The speed of her ascent may have something to do with it. Raised by party-member parents in Beijing, she went to the Central Conservatory of Music in Beijing at nine years old and to Canada at fourteen to learn English. The venerable Gary Graffman at Philadelphia’s Curtis Institute took her on as his protégée, as he had done once before with Lang Lang, though the pair could not be more dissimilar. Where Lang Lang was a born showman, Yuja Wang just wanted to get on stage, play fast and get off. Her discovery of skintight gear, made by the Canadian designer Rosemarie Umetsu (who also tailors for Lang Lang) may have given her the confidence to hang around for flashlights and encores.

She got her first break in March 2007 when Martha Argerich flunked out of a Tchaikovsky concerto in Boston and her second two years later when Claudio Abbado fell out with a famous soloist at the plutocratic Lucerne Festival and called for a pliant replacement. By her mid-20s, Yuja Wang was an elite artist in a confusing milieu.

Flitting from one agent to the next, flying from business hotel to branded festival, she had neither time nor guidance to acquire perspective. Like a summer night’s cat in five-inch Louboutin heels, Yuja Wang struts the classical scene as a precarious loner. Asked who her friends are, she could only come up with the nonagenarian Graffman.
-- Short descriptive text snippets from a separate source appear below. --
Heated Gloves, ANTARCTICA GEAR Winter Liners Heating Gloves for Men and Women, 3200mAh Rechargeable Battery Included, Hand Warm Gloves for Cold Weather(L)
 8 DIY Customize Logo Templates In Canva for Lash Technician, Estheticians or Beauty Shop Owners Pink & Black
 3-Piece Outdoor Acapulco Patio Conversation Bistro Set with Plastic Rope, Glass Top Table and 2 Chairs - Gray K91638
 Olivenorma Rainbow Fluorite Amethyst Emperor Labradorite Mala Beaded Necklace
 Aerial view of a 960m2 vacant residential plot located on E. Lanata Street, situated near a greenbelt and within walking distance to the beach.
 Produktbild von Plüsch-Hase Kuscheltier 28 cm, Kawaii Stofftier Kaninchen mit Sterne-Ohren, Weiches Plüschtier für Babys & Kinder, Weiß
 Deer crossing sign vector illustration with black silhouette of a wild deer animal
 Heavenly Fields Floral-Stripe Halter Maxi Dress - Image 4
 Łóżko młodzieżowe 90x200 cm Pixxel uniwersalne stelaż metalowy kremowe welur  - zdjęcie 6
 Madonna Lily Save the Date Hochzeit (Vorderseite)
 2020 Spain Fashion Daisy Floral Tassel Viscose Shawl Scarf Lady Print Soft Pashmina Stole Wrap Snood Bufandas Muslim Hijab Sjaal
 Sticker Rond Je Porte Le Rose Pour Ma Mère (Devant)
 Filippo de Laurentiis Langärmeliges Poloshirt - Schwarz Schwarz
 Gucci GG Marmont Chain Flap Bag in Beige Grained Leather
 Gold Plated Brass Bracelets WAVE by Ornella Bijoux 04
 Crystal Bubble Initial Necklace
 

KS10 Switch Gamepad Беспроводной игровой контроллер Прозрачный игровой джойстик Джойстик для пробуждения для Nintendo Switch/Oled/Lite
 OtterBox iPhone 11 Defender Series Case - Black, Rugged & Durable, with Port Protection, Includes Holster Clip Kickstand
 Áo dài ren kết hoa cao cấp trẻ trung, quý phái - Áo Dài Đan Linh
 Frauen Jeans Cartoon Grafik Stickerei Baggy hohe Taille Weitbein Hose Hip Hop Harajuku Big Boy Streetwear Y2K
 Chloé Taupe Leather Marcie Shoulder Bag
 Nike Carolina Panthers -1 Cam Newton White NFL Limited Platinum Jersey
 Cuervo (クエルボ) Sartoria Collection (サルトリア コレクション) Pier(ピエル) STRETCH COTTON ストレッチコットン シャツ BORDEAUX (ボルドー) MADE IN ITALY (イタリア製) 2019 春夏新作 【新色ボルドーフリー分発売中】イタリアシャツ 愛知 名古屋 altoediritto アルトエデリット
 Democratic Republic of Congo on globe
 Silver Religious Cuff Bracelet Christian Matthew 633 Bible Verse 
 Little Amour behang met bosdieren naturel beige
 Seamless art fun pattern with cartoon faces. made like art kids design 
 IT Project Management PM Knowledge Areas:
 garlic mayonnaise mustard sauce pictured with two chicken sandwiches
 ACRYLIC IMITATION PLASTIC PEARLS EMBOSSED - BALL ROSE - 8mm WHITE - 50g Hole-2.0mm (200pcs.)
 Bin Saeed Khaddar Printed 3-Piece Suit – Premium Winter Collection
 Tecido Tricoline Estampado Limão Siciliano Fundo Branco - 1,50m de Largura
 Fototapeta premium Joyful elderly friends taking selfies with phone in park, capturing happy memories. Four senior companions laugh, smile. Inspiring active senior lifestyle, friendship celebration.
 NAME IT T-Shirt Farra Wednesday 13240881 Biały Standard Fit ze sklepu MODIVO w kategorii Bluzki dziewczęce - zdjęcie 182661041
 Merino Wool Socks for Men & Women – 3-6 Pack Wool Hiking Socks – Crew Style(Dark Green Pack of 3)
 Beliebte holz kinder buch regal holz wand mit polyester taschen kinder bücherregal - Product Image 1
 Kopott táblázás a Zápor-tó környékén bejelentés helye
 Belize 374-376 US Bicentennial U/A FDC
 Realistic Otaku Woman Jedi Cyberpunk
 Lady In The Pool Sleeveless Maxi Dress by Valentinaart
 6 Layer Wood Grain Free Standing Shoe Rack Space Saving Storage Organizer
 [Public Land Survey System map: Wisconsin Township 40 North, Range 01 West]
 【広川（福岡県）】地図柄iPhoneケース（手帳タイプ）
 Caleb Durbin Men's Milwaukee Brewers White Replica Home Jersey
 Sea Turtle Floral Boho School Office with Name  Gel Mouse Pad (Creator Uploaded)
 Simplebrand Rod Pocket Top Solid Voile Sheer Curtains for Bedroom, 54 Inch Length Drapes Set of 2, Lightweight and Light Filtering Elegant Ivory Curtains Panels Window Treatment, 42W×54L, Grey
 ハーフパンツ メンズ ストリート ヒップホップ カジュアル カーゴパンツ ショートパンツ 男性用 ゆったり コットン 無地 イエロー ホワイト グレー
To journalists who inquire about her outfits she says, “that’s what young people wear”. She’s not good at interviews, appearing easily bored or extremely naïve — which may be a diversionary tactic, a means to conceal whoever the real Yuja Wang might be.

“If the music is beautiful and sensual, why not dress to fit?” she teased Fiona Maddocks of the Observer. “It’s about power and persuasion. Perhaps it’s a little sadomasochistic of me. But if I’m going to get naked with my music, I may as well be comfortable while I’m at it.” The Freudian writer, Janet Malcolm, who met her several times over a year for a New Yorker profile, noted a tendency to depression.

Musical discussion quickly degenerates into “philosophical bullshit” (her term). Composers are packed off in clichés. Prokofiev is “a naughty boy”. “I’ve scrapped Schubert.” Mozart “is like a party animal”. Some find her irreverence cute though it cuts no ice with her own generation and fails to draw them in droves to her concerts. Older heads find her soundbites irritating.

If that is all there is to Yuja Wang, she won’t be around for long. She is 34 and there’s a sell-by date to consider. Workouts and makeovers can offer an extension but not past 40. She needs to find a new dimension, evidence of a soul that transcends her physicality. She attempted a Mozart concerto this summer, all the notes skittering at speed and not a trace of depth.

The music business treats her as tinsel

What she needs is time and space — time with Bach, Beethoven, Debussy perhaps and, yes, scrapheap Schubert — the late sonatas that offer so much more than instant audience gratification. As for space, a sabbatical would be in order.

Yuja Wang stands right now at a crossroads. Conductors — Gustavo Dudamel, Yannick Nézet-Séguin, Charles Dutoit — use her as musical arm-candy. The music business treats her as tinsel. She cannot afford another change of management. What she needs is a comprehensive change of wardrobe.

Imagine this: Yuja Wang walks onto the Carnegie Hall stage in a Mitsuko Uchida castoff gown that covers her shoulders and in shoes that cost less than a working man’s wage. There is a gasp from the crowd, a shock of renewal. A last-minute programme change inserts three mid-period Beethoven sonatas, sugar-free. There are no encores, and no critic gets an easy laugh by writing that the Emperor Concerto has no clothes.

If Yuja Wang were to strip everything right down to the music, I have a feeling she could be a sensation.